Kita patut bersyukur untuk tidak menjadi orang yang terkenal?

Karena untuk melangkah ke luar rumah saja, banyak paparazzi menanti.

 

Bukankah,

Tidak pernah ada istilah healing, tapi berangkat dengan perasaan yang carut-marut?

Merasa tak menentu, memenjarakan diri sepanjang hari dengan perasaan sengkarut.

 

Bukankah,

Tidak pernah ada istilah beranjak, tapi dengan perasaan penuh sesal?

Menyesal meninggalkan pekerjaan. Was-was bila penggantimu tak mampu dan terjadi hal-hal yang tak kamu inginkan.

 

 

Teruslah beranjak.

Lupakan pekerjaan yang tiada habisnya. Sejenak beri kesempatan pada diri untuk terus beranjak dari langkah ke langkah hingga dihampiri rasa lelah.

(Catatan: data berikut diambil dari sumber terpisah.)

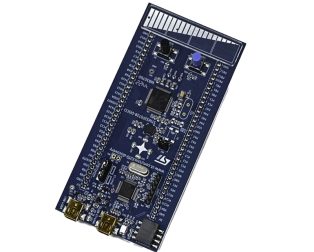 STMICROELECTRONICS STM32F072B-DISCO Development Kit, STM32F072RB MCU, On-Board ST-LINK/V2, ST MEMS Gyroscope, Extension Header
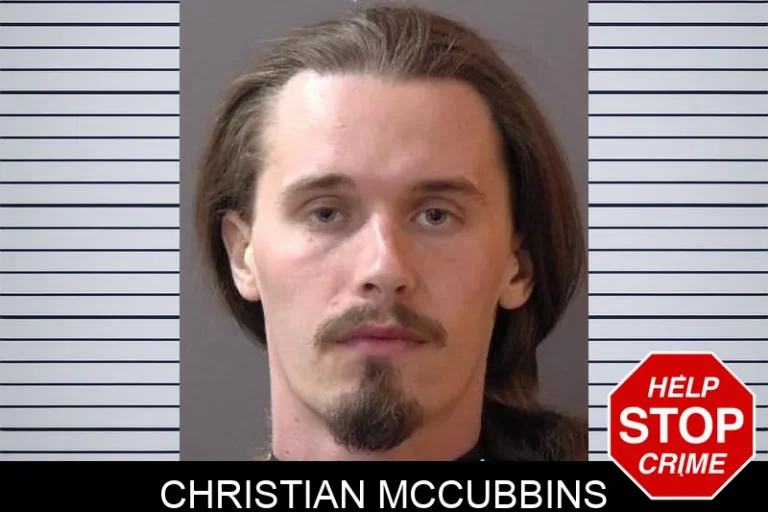 Christian McCuBbins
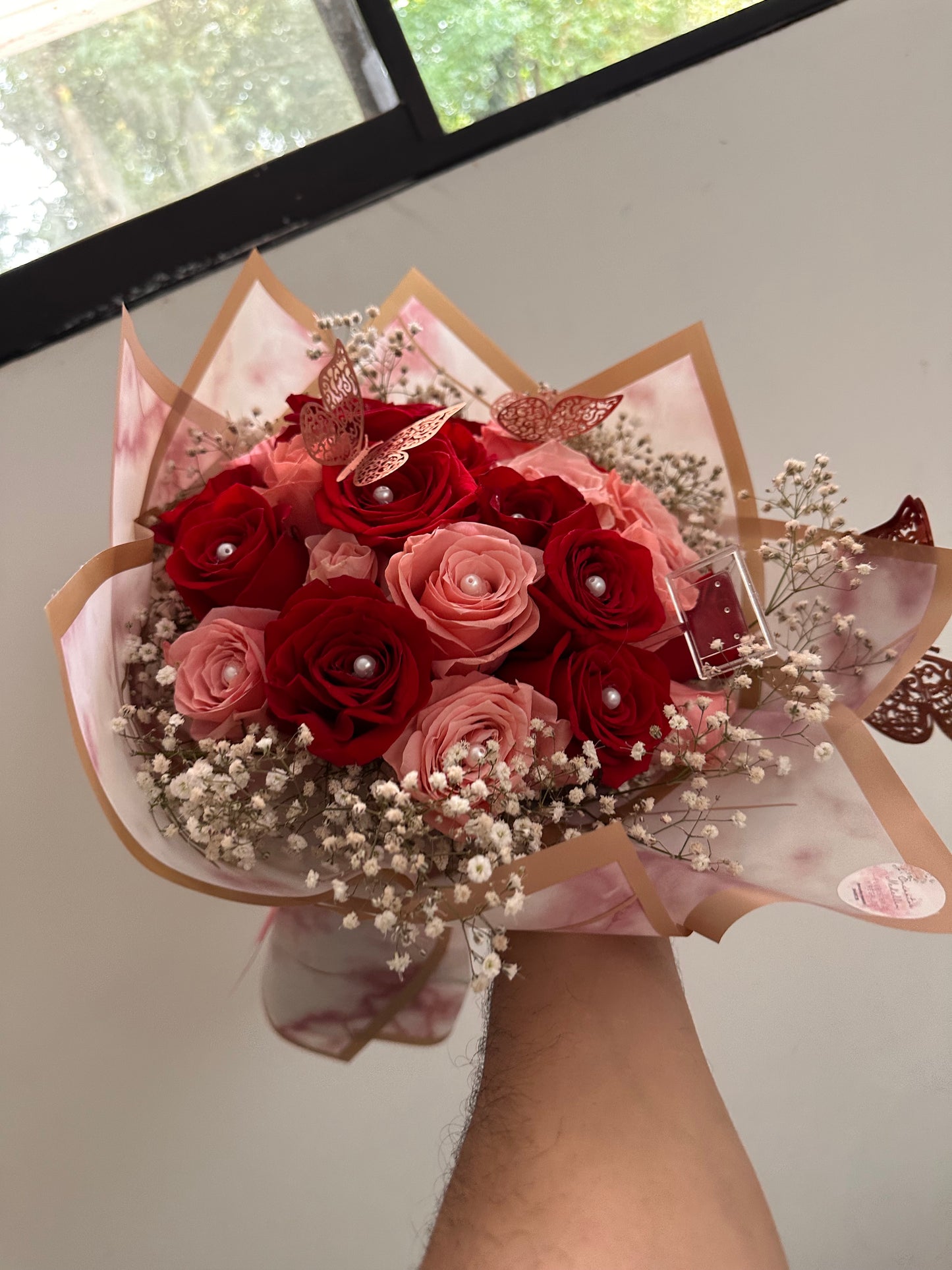 Bouquet paris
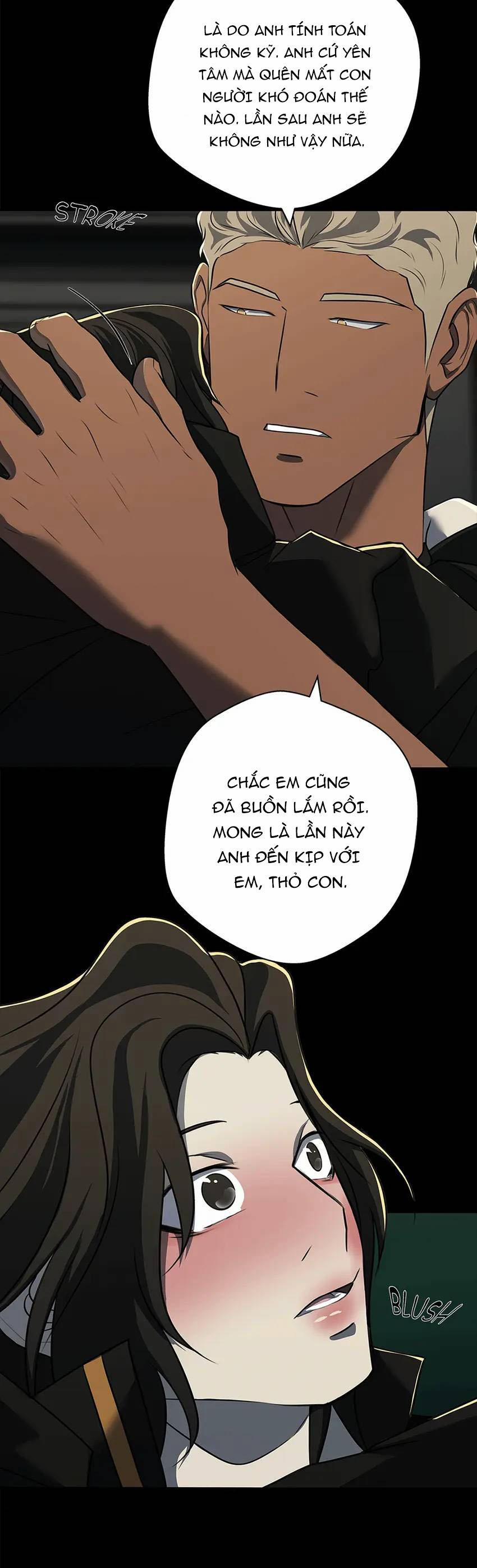 Love Murder Basketball 31 trang 50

Menikmati lelah itu, hingga saat penghujung masa tetap meneduh di sana, hanya karena tak ingin masa merebut suasana—yang terlanjur menetap dalam sukma. 

 

Abadikan momenmu seperlunya. Leave the phone, live the moment. Tunda saja dulu kemauanmu untuk sibuk memikirkan foto mana yang hendak diunggah serta merta, tetek-bengek caption manis yang perlu dirangkai, dan kuota yang harus dibeli—hanya demi eksistensi diri.

 

Jangan habiskan waktumu untuk hal-hal yang bisa kamu lakukan di lain waktu. Jelajahi setiap sudut mati, hingga dari sudut pandang yang tinggi, kamu akan memandang kendaraan yang nyaris tak terlihat sama sekali sepanjang jalanan yang tak lebih panjang dari ujung jari.

 

~~

Teruslah beranjak,

hingga menemukan makna rumah:

Tempat yang nyaman kala ditinggali, dan terasa asing kala ditinggalkan.

 

dan,

 

Teruslah beranjak,

hingga menemukan jawaban atas pertanyaan:

Kapan terakhir kali menikmati waktumu, hanya untuk dirimu sendiri?




Tidak ada komentar:

Diberdayakan oleh Blogger.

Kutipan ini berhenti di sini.